Karya Tulis dan Khazanah Keilmuan
Abd al-Shamad mulai menghasilkan karya tulis keilmuan sejak berumur 28 tahun (1178/1765). Sedikitnya terdapat dua puluh tujuh karya yang sudah teridentifikasi sebagai peninggalannya, dan jumlah tersebut diperkirakan masih akan bertambah mengikut upaya pencarian dan pengkajian yang masih dilakukan terhadap warisan keilmuannya. Karya tulisnya yang beredar luas di dunia Melayu ialah Hidayat al-Salikin dan Sayr al-Salikin. Sementara di Timur Tengah, judul yang paling dikenal ialah Fadha’il al-Ihya li al-Gazali.
Tradisi keilmuan palimbani (merupakan tradisi keilmuan Islam yang terbentuk di Palembang pada masa itu) mempunyai karakteristik neo-sufisme Ghazalian (berpijak kepada karya-karya Imam al-Ghazali) yang mengintegrasikan secara baik perspektif Ibn ‘Arabi (Abd al-Shamad tidak menolak karya-karya Ibn ‘Arabi dan para pengikutnya, tetapi menyarankan hal tersebut ditempuh bagi pejalan ruhani yang sudah berada pada tingkat muntahi), memperkenalkan fikih tasawuf, terbuka terhadap (dan memperkaya tradisi Melayu dengan) khazanah intelektual Islam yang beragam, serta mendorong aktivisme sosial dan intelektual. Maka tidaklah berlebihan jika selama periode abad ke-18 dan 19 tradisi palimbani dinilai berhasil memberikan arah dan kecenderungan baru bagi peradaban Islam di dunia Melayu-Nusantara.
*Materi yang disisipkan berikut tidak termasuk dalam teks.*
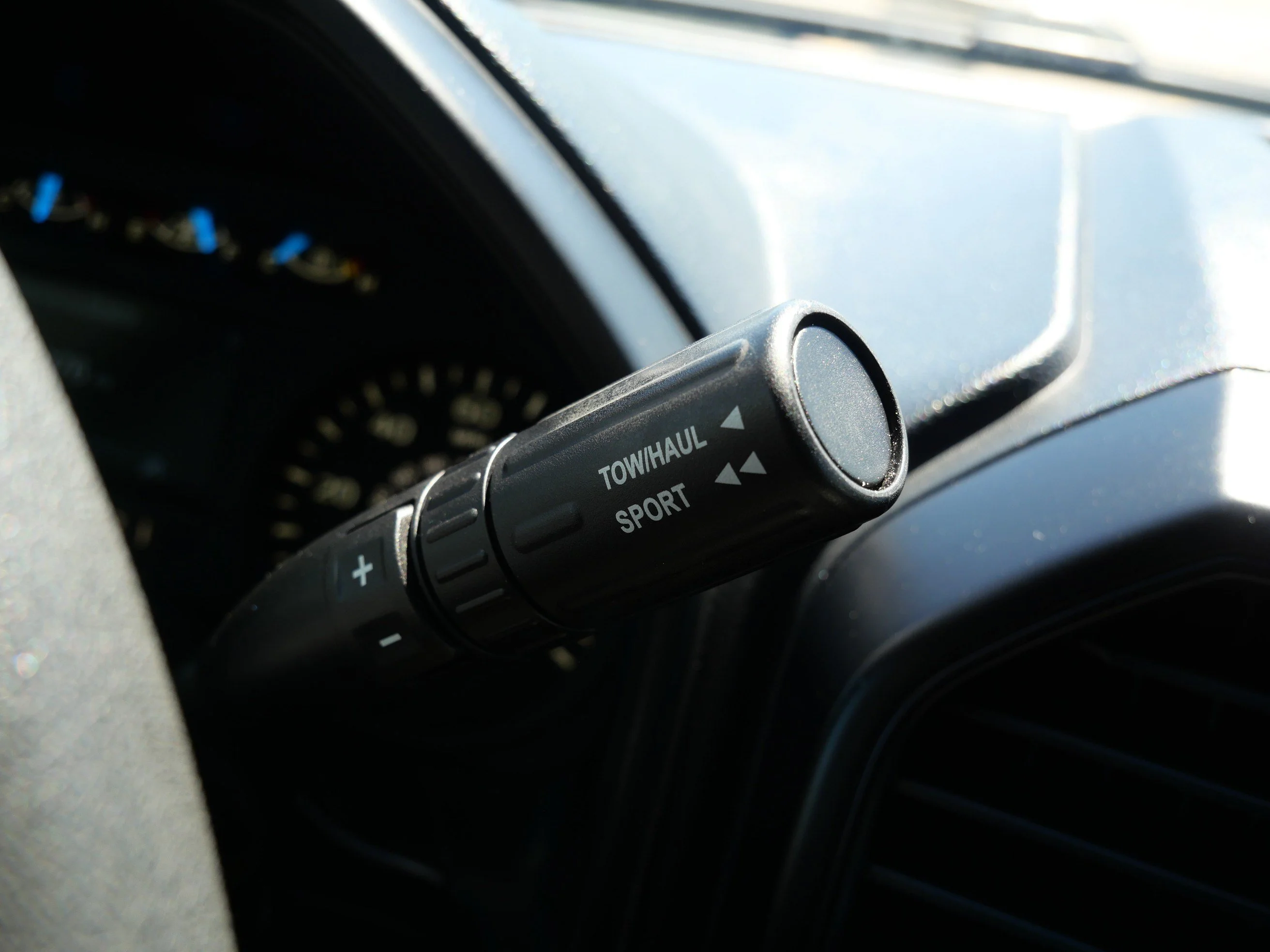 Used 2015 Magnetic Metallic Ford XL image 24
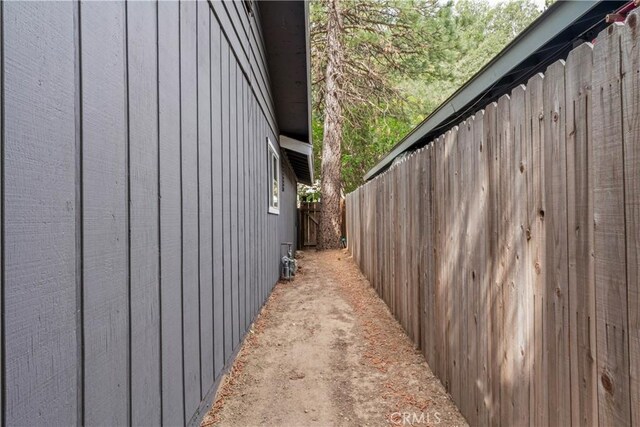 1381 Blackfoot Trl W, Lake Arrowhead, CA 92378 - photo 32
Demikianlah sedikit tulisan mengenai Syekh Abd al-Shamad al-Palimbani. Sebenarnya riwayat hidup beliau begitu luas (karena banyak peneliti yang berhasil menafsirkan sumber-sumber terkait beliau), perjalanan intelektualnya begitu panjang dan penuh kegigihan juga gairah akan ilmu, tak berlebihan terutama bagi kita para penuntut ilmu untuk membaca lebih dalam tentang beliau melalui sumber-sumber yang ada dan meraup pelajaran serta hikmah sebanyak-banyaknya, kiranya agar api semangat dalam diri kita dapat kembali menyala bahkan berkobar hingga pada akhirnya mampu meneladani sosok seperti beliau.
Selawat dan salam semoga tercurah kepada para nabi, keluarga juga sahabat beliau, dan orang-orang beriman yang mengikuti jejak mereka. Aamiin.
Referensi:
Abdullah, Mal An. 2015. SYAIKH ABDUS-SAMAD AL-PALIMBANI. Yogyakarta: Pustaka Pesantren.
Arifin, Miftah. 2013. Sufi Nusantara: Biografi, Karya Intelektual, dan Pemikiran Tasawuf. Yogyakarta: Ar-Ruzz Media.
Azra, Azyumardi. 2013. JARINGAN ULAMA Timur Tengah & Kepulauan Nusantara Abad XVII & XVIII: Akar Pembaruan Islam Indonesia. Depok: Kencana.
Bimas Islam. 2023. Moderasi Beragama Perspektif BIMAS ISLAM. Jakarta: Ditjen Bimas Islam Kementerian Agama.
Mulyati, Sri. 2006. TASAWUF NUSANTARA: Rangkaian Mutiara Sufi Terkemuka. Jakarta: Kencana.